A roundup of investment news.
REITs Look Good over the Long Term
REITs struggled mightily in 2007 and 2008, returning negative 15.7% and negative 37.7%, respectively, after racking up double-digit percentage returns in seven out of the eight years between 2000 and 2006 (equating to a compound annual return of 22.3%). REITs have bounced back in 2009 thus far, producing an annualized return of 23.3% through September.
Morningstar research and communications manager Jim Licato analyzed a longer (1972-2008) time period, and he found that REITs have generated an attractive compound annual return of 11.2%, placing them between large stocks (9.5%) and small stocks (12.5%).

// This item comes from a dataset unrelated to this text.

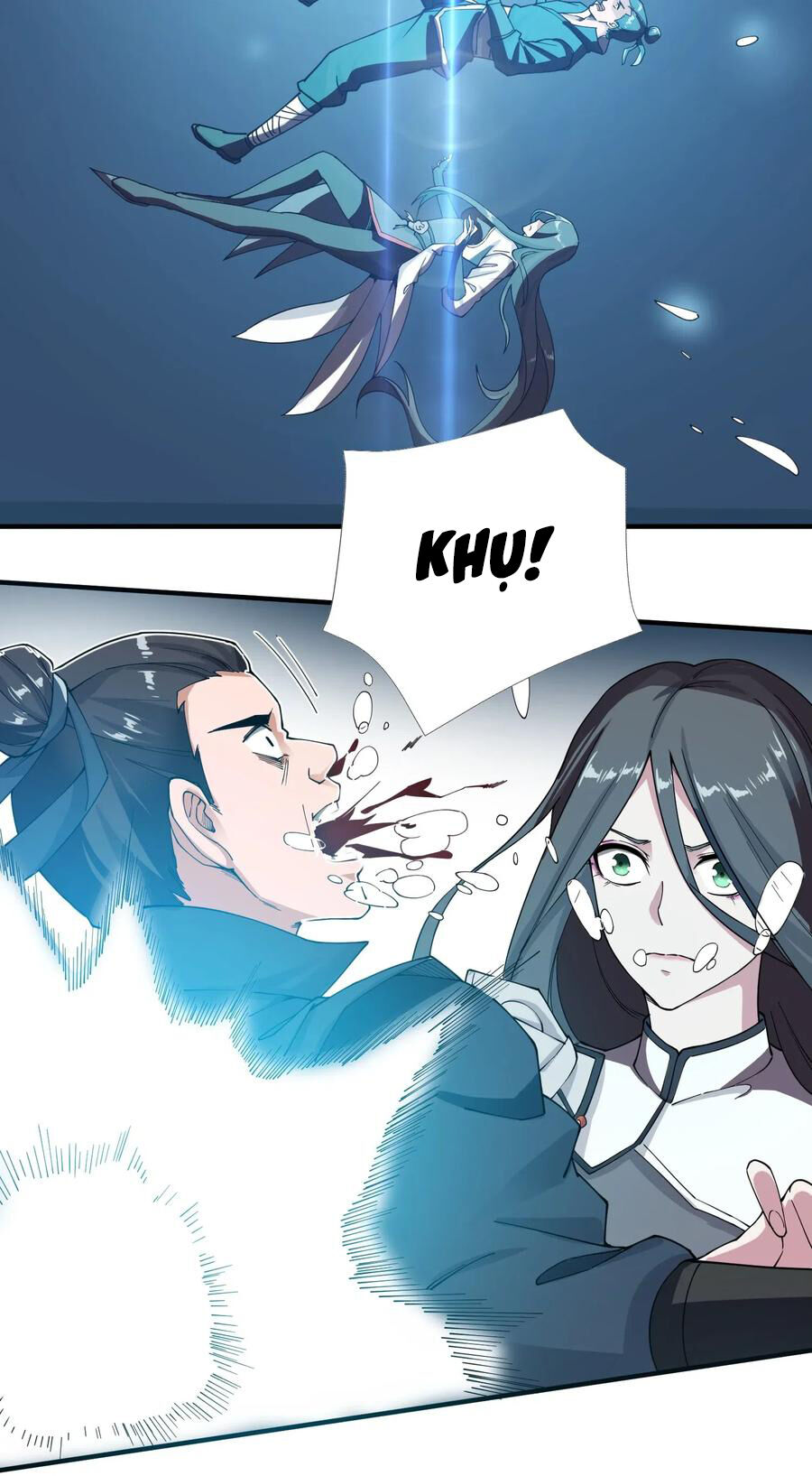 Nguyên Long Chap 117 - Next Chap 118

Breaking down the total return, the income generated from REITs has been relatively stable and consistent, while the price return has fluctuated widely from year to year. With clients who are hesitant to invest in REITs because of the most recent real estate crisis, it may be helpful to show them what they would have experienced if they held REITs over long time periods. Consequently, the volatility of this alternative asset class should become much more palatable for them.
The chart below illustrates the realized losses in REITs for one-, five-, and 15-year periods.

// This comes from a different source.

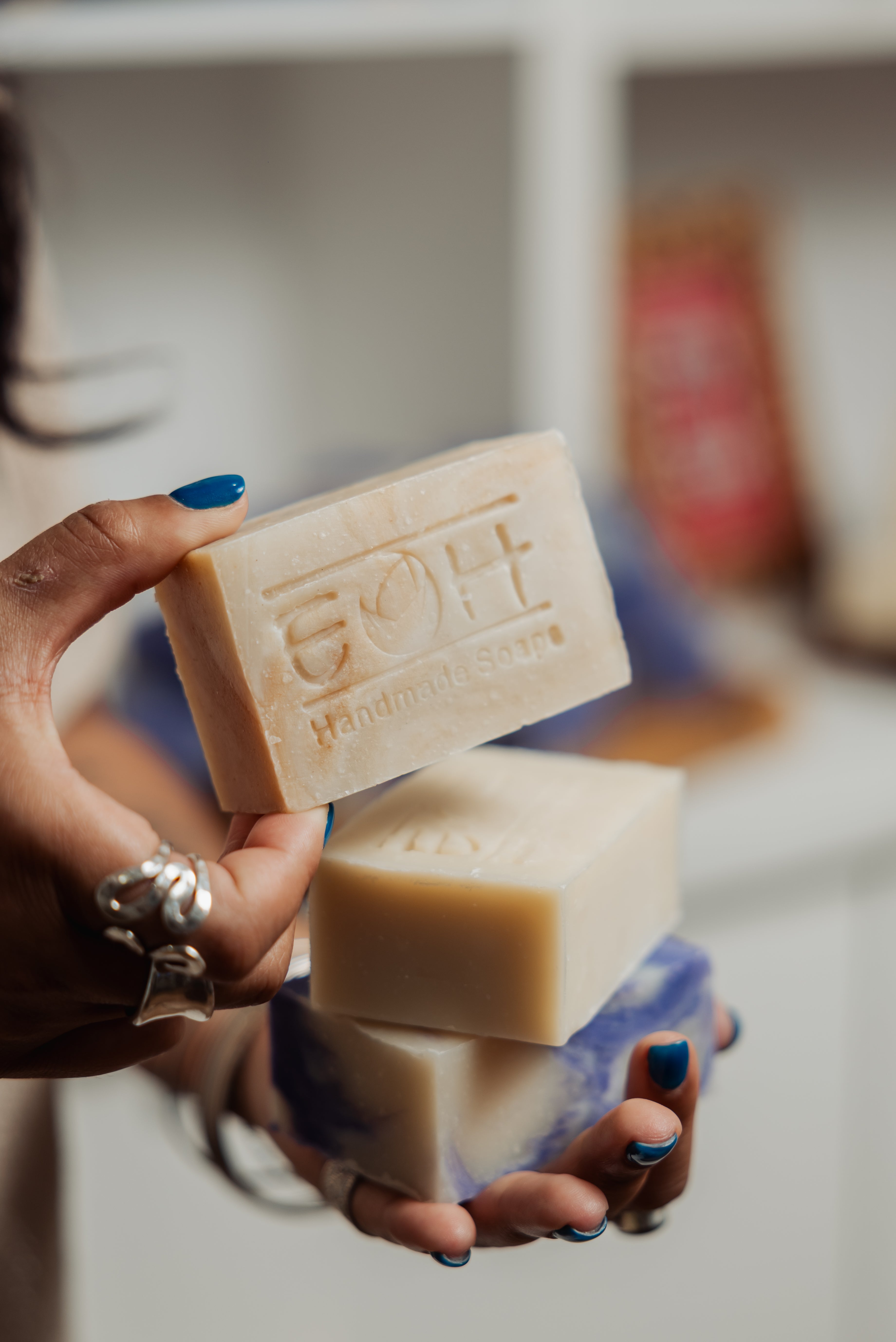Handcrafted Soap Bundle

Of the 37 one-year periods from 1972 to 2008, eight periods resulted in a loss (22% of the years examined). When increasing the holding period to five years, however, none of the 33 overlapping five-year periods ended with a loss. Similarly, not one of the 23 overlapping 15-year periods produced a negative return.
These results go back to the income potential of REITs, which are required to distribute at least 90% of their taxable income to shareholders on an annual basis. During a year in which REITs may be struggling from a price-appreciation perspective, it always has the income component to fall back on. On the flip side, when REITs are prospering from a price-return perspective, the income return further enhances the asset class' total return.
The real estate bubble and burst may have your clients a bit hesitant when it comes to investing in an asset class like REITs. Clients must realize that they can expect to experience losses from time to time when investing in REITs.